Re: Wybór tokarki konwencjonalnej

#17

Post napisał: ak47 » 15 sty 2020, 21:10

Z TOSa szukałbym SUI40/50 występowały w wersji całkowicie mechanicznej lub elektrycznej z silnikiem DC. Maszyna jest cholernie dokładna. Pracowałem na takiej i mimo wielu lat na karku otworki fi3 robiła idealnie (wierciłem fi3x120mm z tolerancją do 0.03mm bez żadnej gimnastyki). Zresztą toczenie podobnie dokładne. Bardzo lubiłem przy niej zderzaki zarówno na posuwie poprzecznym jak i wzdłużnym. Miała fabrycznie zderzaki mikrometryczne. Dodatkowo ta w wersji z silnikiem DC jest tak cicha, że można liczyć ile wiórów spadło do wanny. Niestety napęd DC lubił się zje... od czasu do czasu więc elektryk miał uciechy co nie miara bo do tokarki jest całkiem pokaźna szafa elektryczna. Obecnie ludzie przerabiaja to na falownik i normalny silnik. Na pewno jednak nie jest ona tak sztywna jak 16k20. Wiór 3mm i posuw 0.2mm to już było sporo w stali NC11LV. Pamiętam też, że gwintowanie było upierdliwe bo załaczanie i wyłaczanie obrotów reagowało z minimalnym opóźnieniem i trzeba było mieć w głowie, żeby wyłączać zawczasu.


pytia
Znawca tematu (min. 80)
Znawca tematu (min. 80)
Posty w temacie: 1
Posty: 88
Rejestracja: 14 maja 2018, 19:08

Re: Wybór tokarki konwencjonalnej

#18

Post napisał: pytia » 15 sty 2020, 21:21

Kilka tygodni temu w dziale giełda było tego towaru zatrzęsienie z likwidowanej firmy, chyba ze Szczecina.
Takie tokarki, niezależnie od typu, to waga x cena złomu użytkowego i takiej trzeba szukać.


sssTOMEKsss
Specjalista poziom 1 (min. 100)
Specjalista poziom 1 (min. 100)
Posty w temacie: 1
Posty: 272
Rejestracja: 25 mar 2014, 17:12
Lokalizacja: Warszawa

Re: Wybór tokarki konwencjonalnej

#19

Post napisał: sssTOMEKsss » 15 sty 2020, 22:18

za mniej niż 10K to ja bym swojego tuja48 opylił, nie jest ideał ale nie jest też złom, wrzeciennik po remoncie i wszystkie łożyska w supportach i przekładanich nortona również powymieniane, łoże 1500mm, konik, podtrzymka, okular, koła zmianowe gitary

do ideału zostało szlifowanie łoża i skrobanie supportów, podłączyć hamulec i 2 bieg silnika (sprawny ale ktoś kiedyś rozłączył)


Autor tematu
bear
ELITA FORUM (min. 1000)
ELITA FORUM (min. 1000)
Posty w temacie: 12
Posty: 1240
Rejestracja: 15 gru 2014, 23:03
Lokalizacja: Łódź

Re: Wybór tokarki konwencjonalnej

#20

Post napisał: bear » 16 sty 2020, 18:17

Dziękuje za odzew.
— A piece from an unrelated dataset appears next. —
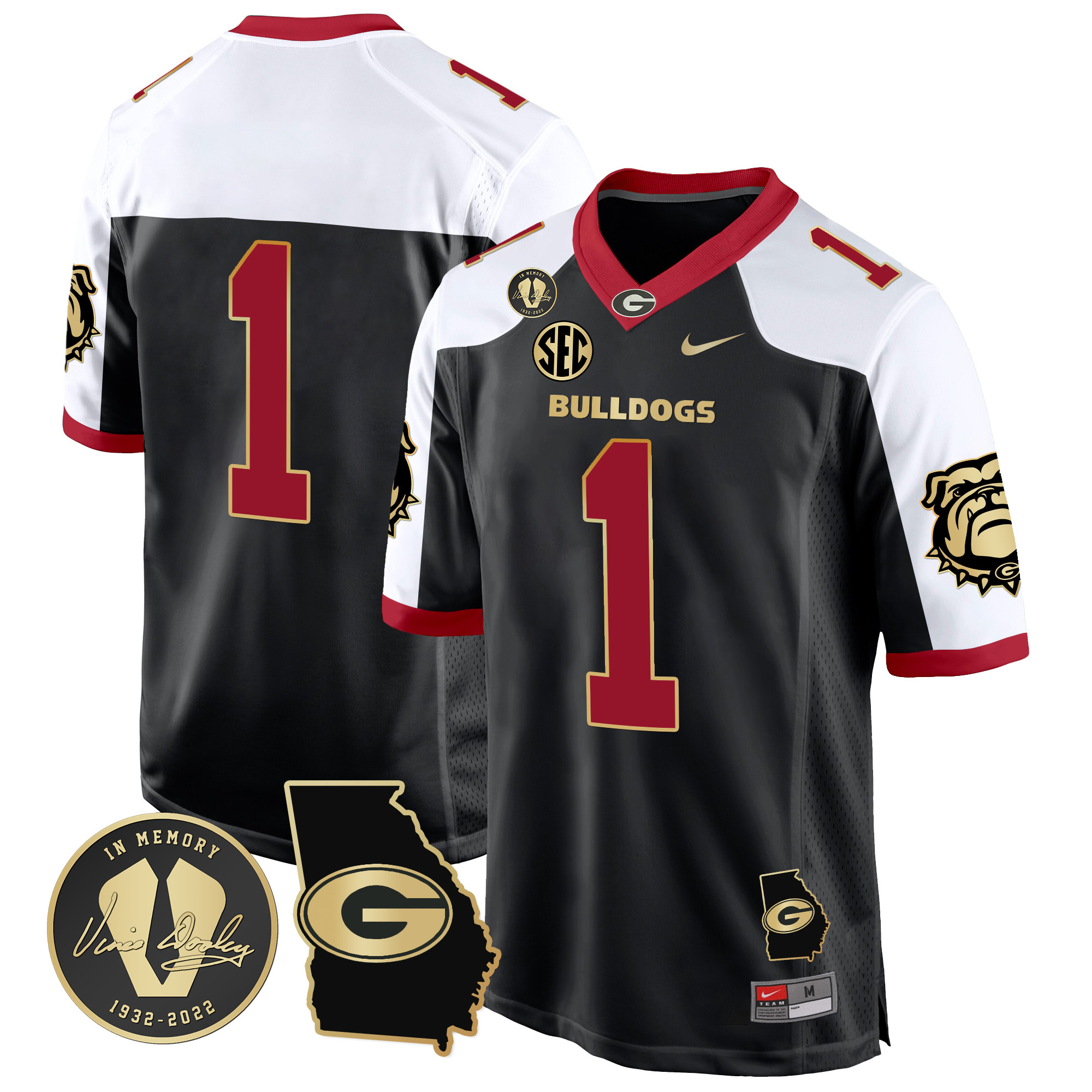 Men's Georgia Bulldogs 2024 Georgia Map Patch Game Jersey - All Stitched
Dziś byłem oglądać już ostatnią 16k20 w moich okolicach.
Tokarka wizualnie całkiem przyzwoita, duży plus że ma zderzak mikrometryczny i oryginalną osłonę pryzmy na łożu.
Z minusów to ciężko chodzi reduktor, łoże takie sobie, pod palcem czuć już nierówności góry i doliny ale bez tragedii. Luz na śrubie od posuwu poprzecznego chyba niedawno kasowany bo ciężkawo chodzi i brak jakiegokolwiek luzu na pokrętle. Za to górna szufladka ma jakiś problem bo razem z szufladą chodzi klin co przy dużym cofnięciu szuflady powstaje kilkunasto milimetrowy luz, za to w drugą stronę potrafi się zaciąć. Problem jest również z konikiem, oryginalny ogranicznik do dźwigni blokady pinoli jest w postaci przyspawanego kawałka druta, luz pinoli minimalny ale nie wiedzieć dlaczego ktoś wbił kła w konika na blachy po piwie albo coś w tym rodzaju. Chciałem to rozdzielić ale normalnymi środkami nie dało rady. Zdemontowany układ od pneumatycznego przesuwania konika oraz dźwignia sprzęgła przy suporcie. Cena 9.5 tyś, tokarka pracowała przy produkcji nakrętek w przydomowym warsztacie/firmie. Niestety do uruchomienia nie doszło ponieważ podczas włączania silnika coś "strzeliło" i brakło prądu na sterowaniu maszyny...
Nie wiadomo czy pinola wyrobiona w koniu czy tuleja kła że wbita na blachy czy coś podobnego, do tego ewentualny koszt naprawy górnej szuflady. Warto się interesować, jaki może być koszt ewentualnej naprawy szuflady bo na konia zapewne trzeba szykować z 1-2 tyś zł o ile to on.
Obrazek

ODPOWIEDZ Poprzedni tematNastępny temat

Wróć do „Toczenie / Tokarki Konwencjonalne”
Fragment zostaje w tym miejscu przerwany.